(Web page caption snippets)
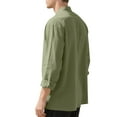 thumbnail image 6 of Mens Long Sleeve Linen Shirt Button Up Loose Fit Vintage Cuban Shirts Banded Collar Henley T-Shirt, 6 of 9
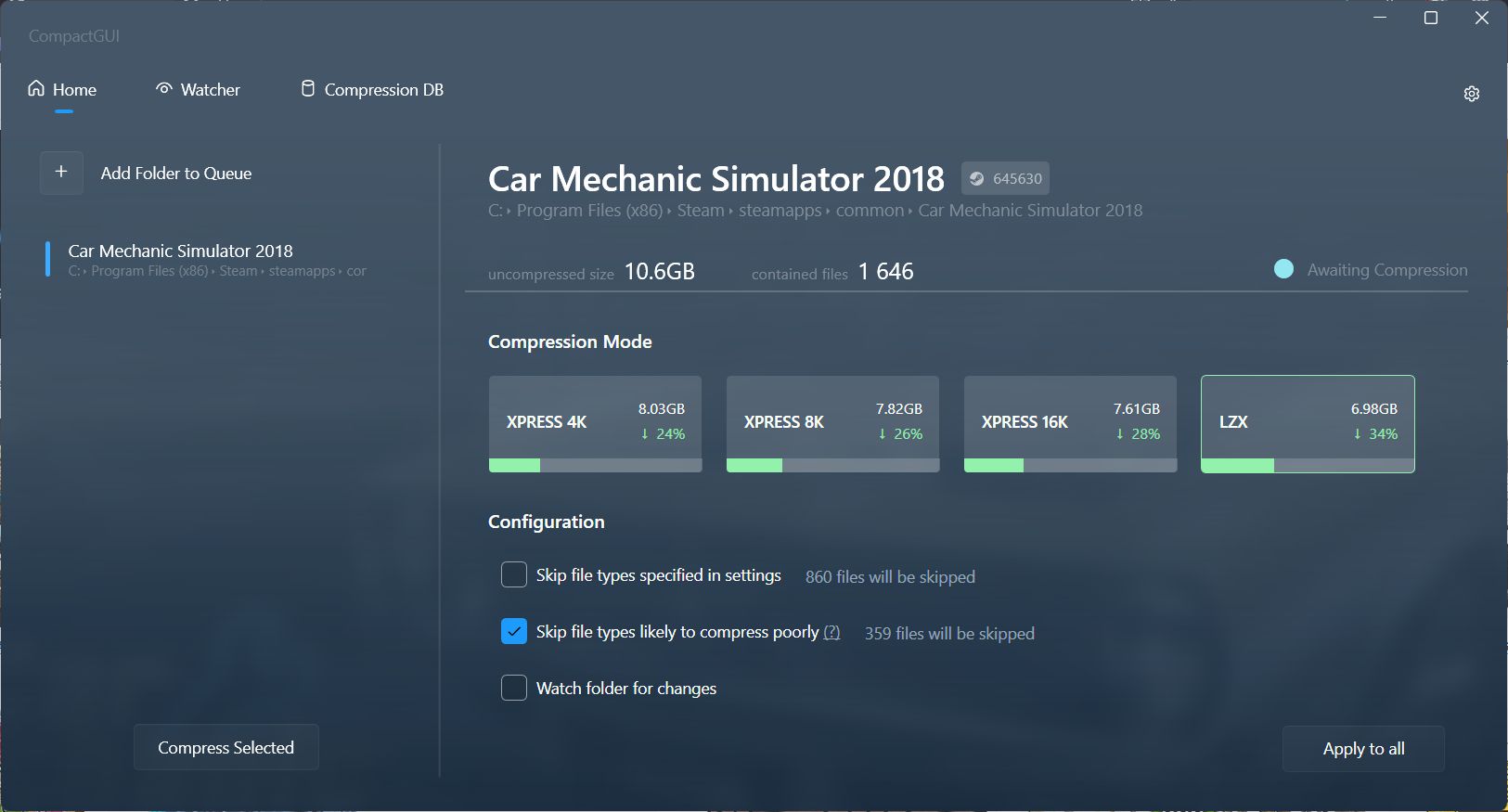 CompactGUI Compression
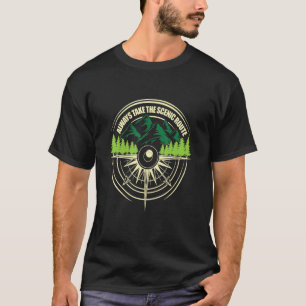 Camping Always Take The Scenic Route Adventure T-Shirt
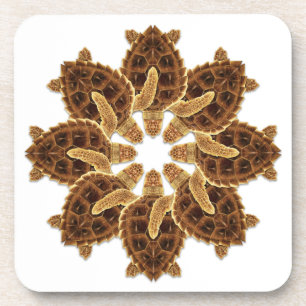 Kaleidoscopic Loggerhead Sea Turtle Coasters
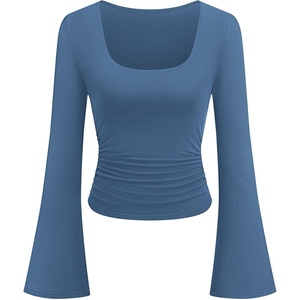 image:imagePRETTYGARDEN Womens Bell Long Sleeve Shirts Going Out Tops  Soft Stretchy Ribbed Knit Square Neck Slim Fit Y2K Clothes Trendy Side Ruched Layering Tee for Casual Fall amp Winter WearDusty Blue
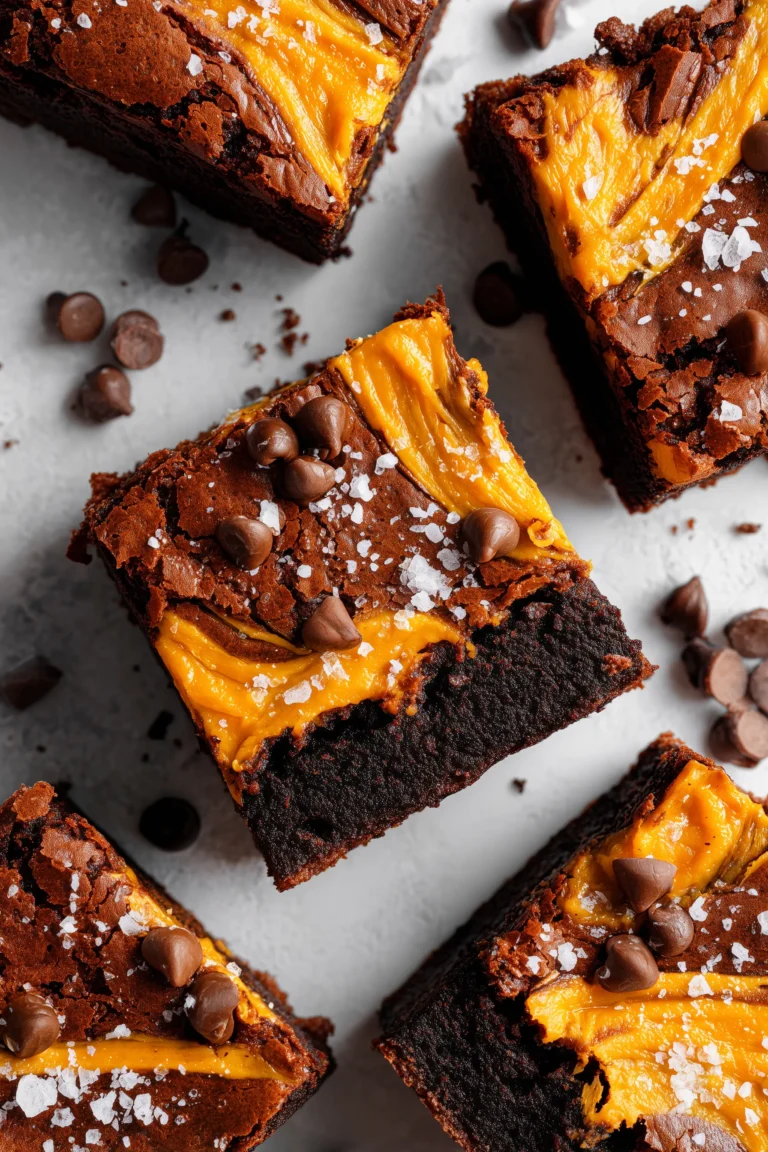 A plate of Pumpkin Brownies swirled with pumpkin spice, chocolate chips, and flaky sea salt.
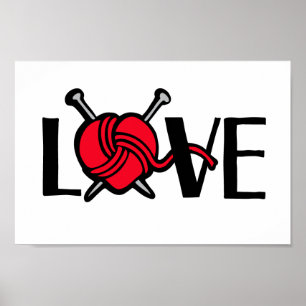 Affiches Love Knitters tricot graphique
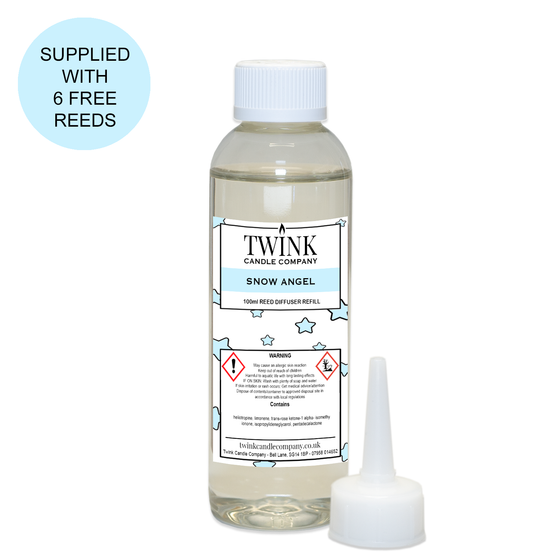 Snow Angel reed diffuser refill by Twink Candle Company, a 100ml bottle with pouring nozzle and six free reeds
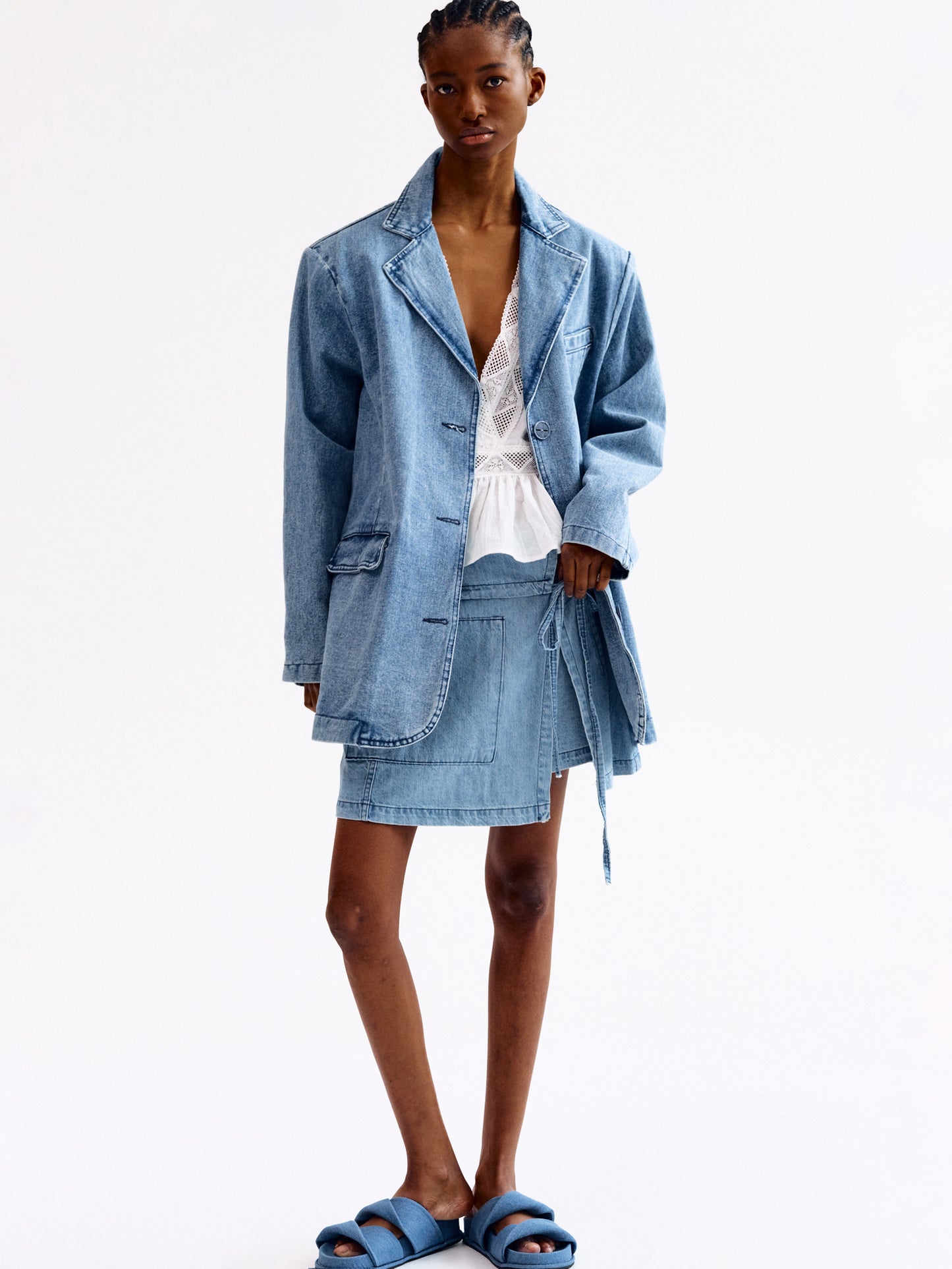 Oversized Denim Blazer, Medium Marbled Indigo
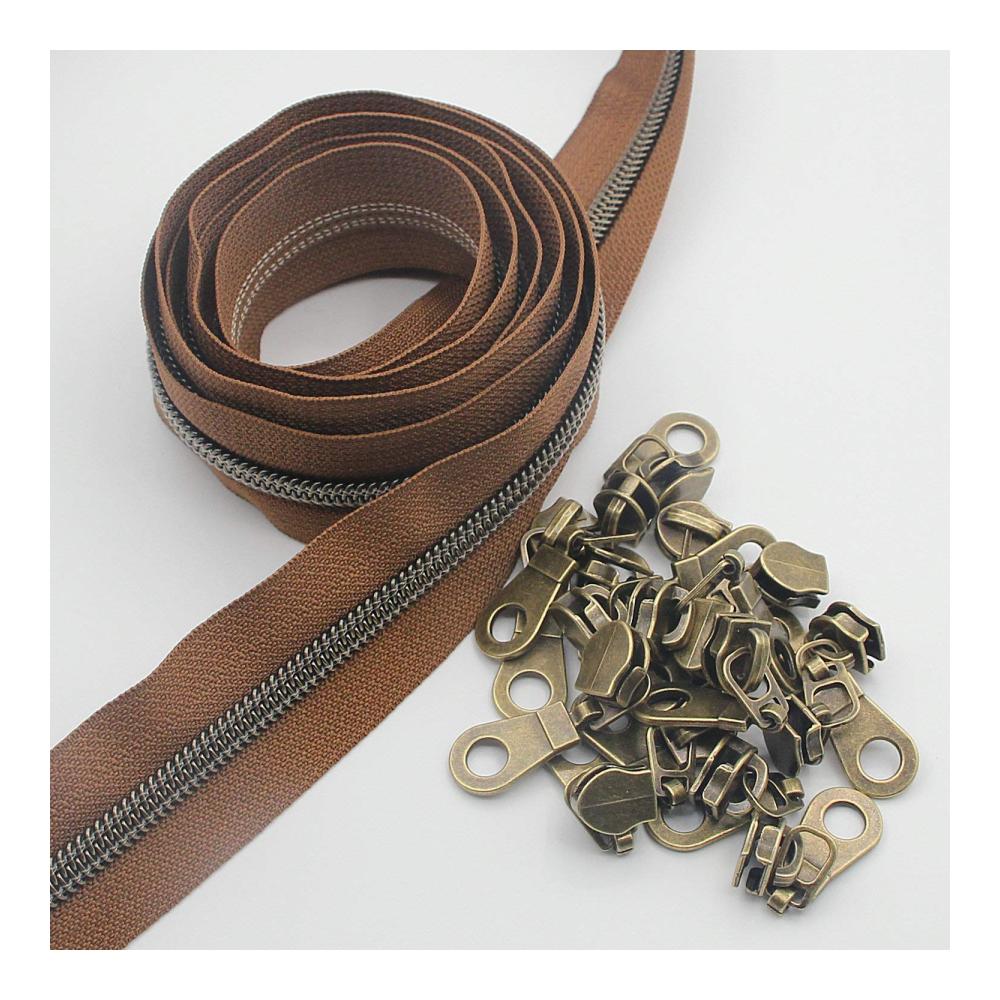 Nähprofis Traum Hochwertige 5 Nylon-Reißverschlüsse 9.1m auf Rolle braunes Band Antik Messing Metallic Zähne. Inklusive 25 Messing-Schieber. Perfekt für DIY Nähen Schneider & Handwerksprojekte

(Work item): Return exactly the lines from the one with "A plate of Pumpkin" through the last line of the entries above, both ends included. No pictures may appear in the copy.

(Response box):
 A plate of Pumpkin Brownies swirled with pumpkin spice, chocolate chips, and flaky sea salt.
 Affiches Love Knitters tricot graphique
 Snow Angel reed diffuser refill by Twink Candle Company, a 100ml bottle with pouring nozzle and six free reeds
 Oversized Denim Blazer, Medium Marbled Indigo
 Nähprofis Traum Hochwertige 5 Nylon-Reißverschlüsse 9.1m auf Rolle braunes Band Antik Messing Metallic Zähne. Inklusive 25 Messing-Schieber. Perfekt für DIY Nähen Schneider & Handwerksprojekte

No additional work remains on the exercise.